_Captioned web images_
•••••

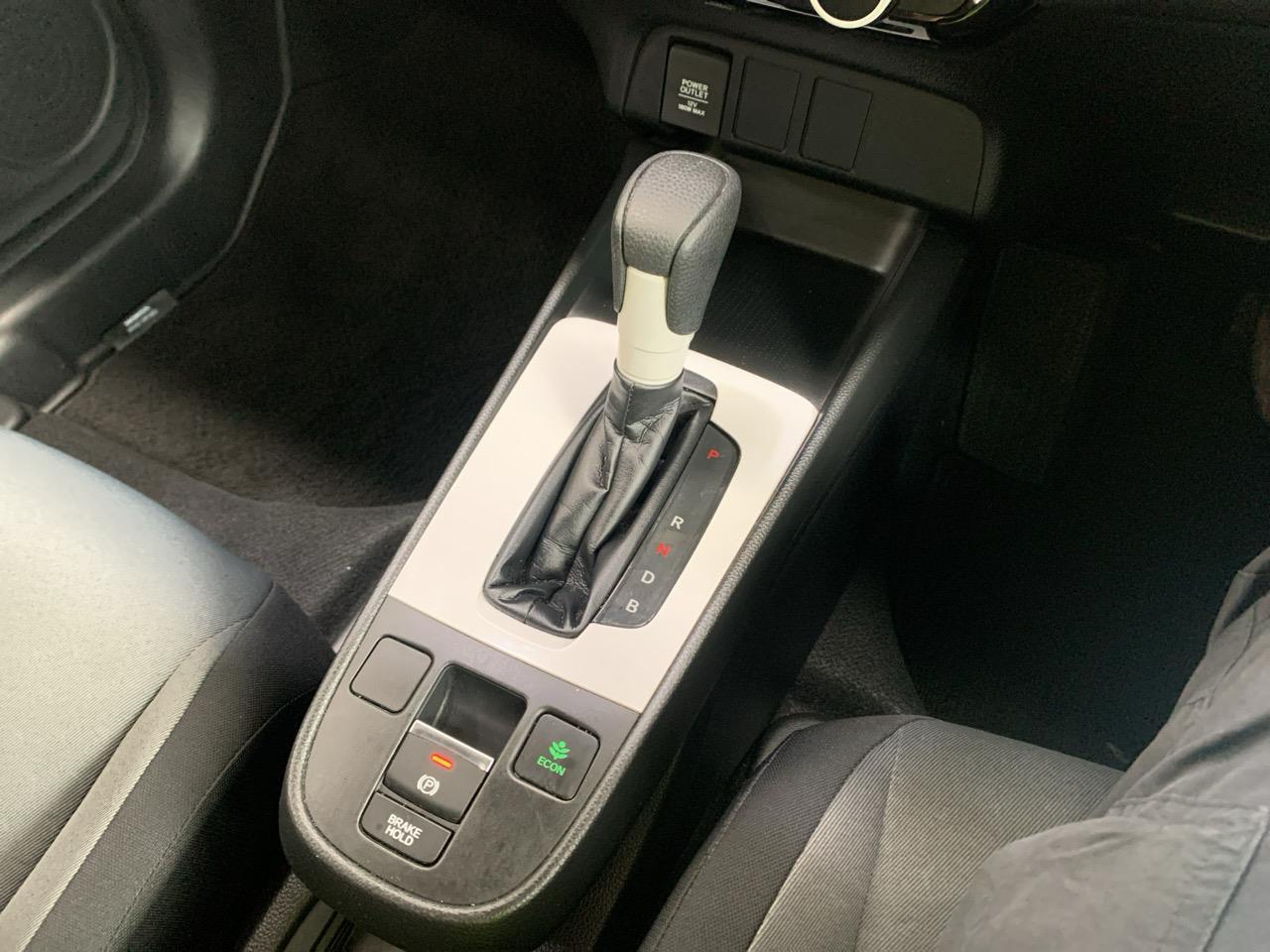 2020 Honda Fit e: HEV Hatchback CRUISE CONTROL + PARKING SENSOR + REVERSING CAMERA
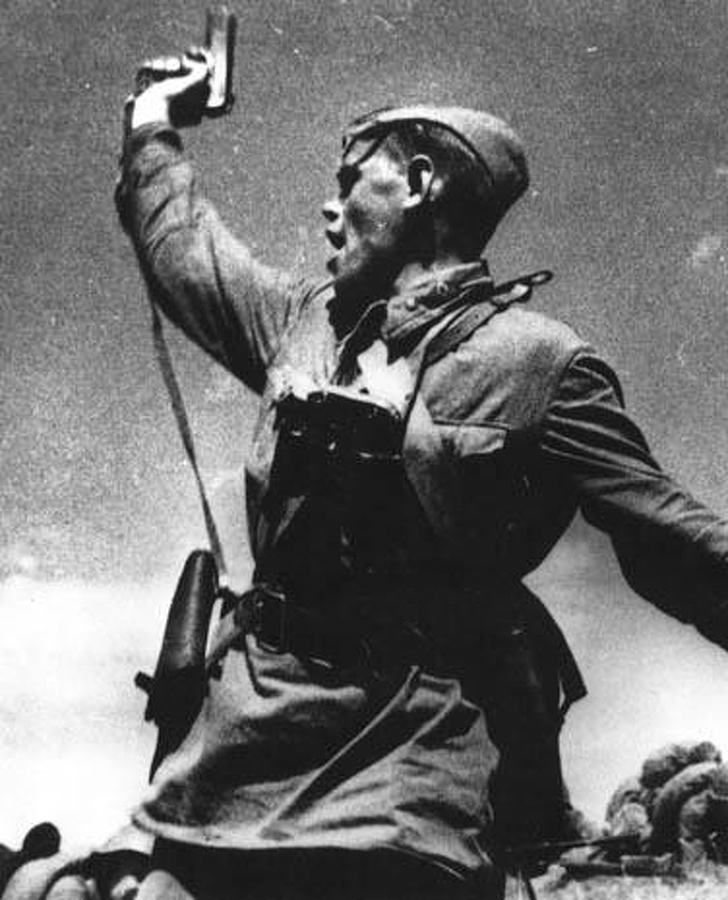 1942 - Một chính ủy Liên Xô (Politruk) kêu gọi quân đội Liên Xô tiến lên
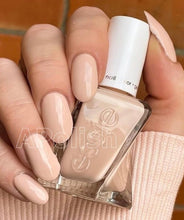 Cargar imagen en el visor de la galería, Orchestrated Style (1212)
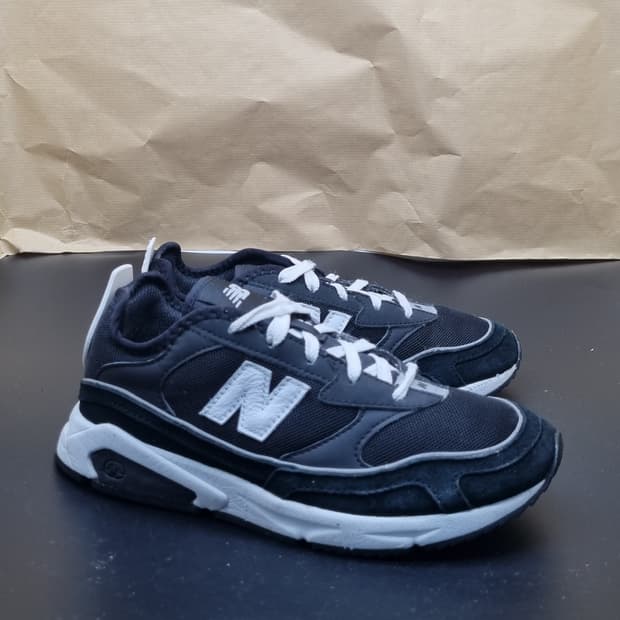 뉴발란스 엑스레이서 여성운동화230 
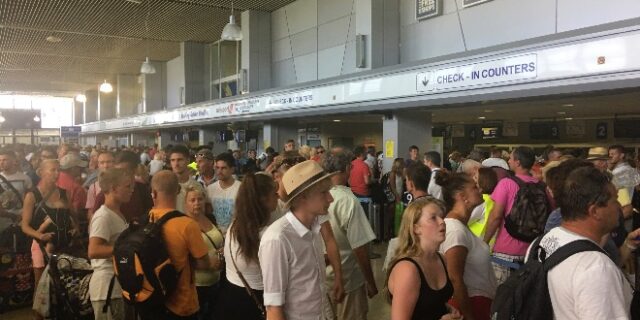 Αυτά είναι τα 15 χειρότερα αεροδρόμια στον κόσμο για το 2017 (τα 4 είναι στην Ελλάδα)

•••••

_What this task involves_
Without including any pictures, reproduce the data exactly.

_Result of the task_
 2020 Honda Fit e: HEV Hatchback CRUISE CONTROL + PARKING SENSOR + REVERSING CAMERA
 1942 - Một chính ủy Liên Xô (Politruk) kêu gọi quân đội Liên Xô tiến lên
 Cargar imagen en el visor de la galería, Orchestrated Style (1212)
 뉴발란스 엑스레이서 여성운동화230 
 Αυτά είναι τα 15 χειρότερα αεροδρόμια στον κόσμο για το 2017 (τα 4 είναι στην Ελλάδα)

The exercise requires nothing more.